*WORK TO BE COMPLETED:* In the records below, the relevant part opens with the line containing "Akexiya/коренастый спортивная обувь" and closes with the line containing "Горловка, 71-605 (КТМ-5М3)"; print that part exactly and only, without its pictures.

*RECORD EXCERPTS:*
=== Begin Enclosure ===
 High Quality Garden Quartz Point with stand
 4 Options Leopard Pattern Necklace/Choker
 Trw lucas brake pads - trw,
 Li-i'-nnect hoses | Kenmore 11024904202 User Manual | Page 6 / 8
=== End Enclosure ===
=== Begin Enclosure ===
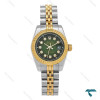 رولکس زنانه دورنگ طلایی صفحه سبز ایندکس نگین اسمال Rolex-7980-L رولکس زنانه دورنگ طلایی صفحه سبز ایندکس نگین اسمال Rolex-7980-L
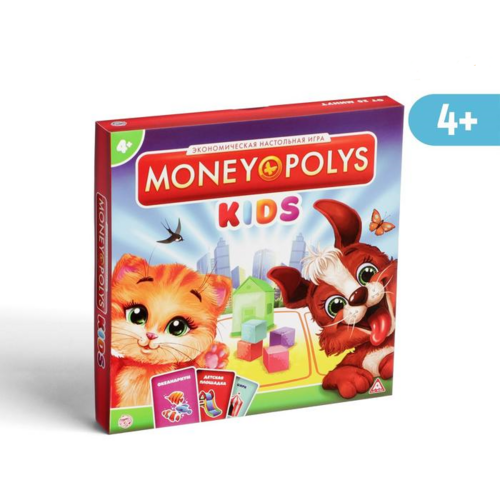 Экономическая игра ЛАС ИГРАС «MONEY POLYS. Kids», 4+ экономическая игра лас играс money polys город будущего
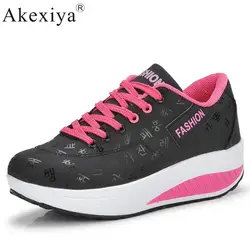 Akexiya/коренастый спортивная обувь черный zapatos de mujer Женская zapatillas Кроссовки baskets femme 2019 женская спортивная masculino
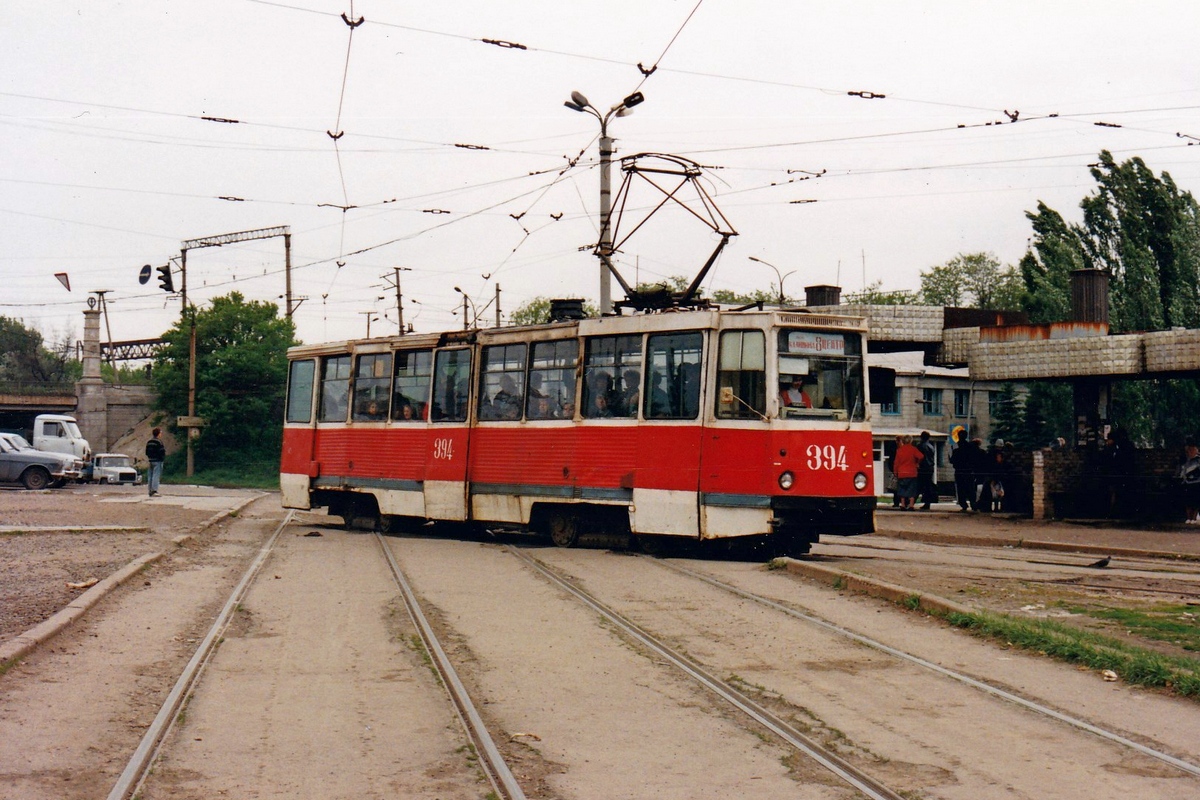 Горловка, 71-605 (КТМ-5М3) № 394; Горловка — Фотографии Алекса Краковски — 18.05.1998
=== End Enclosure ===
*REPLY:*
 Akexiya/коренастый спортивная обувь черный zapatos de mujer Женская zapatillas Кроссовки baskets femme 2019 женская спортивная masculino
 Горловка, 71-605 (КТМ-5М3) № 394; Горловка — Фотографии Алекса Краковски — 18.05.1998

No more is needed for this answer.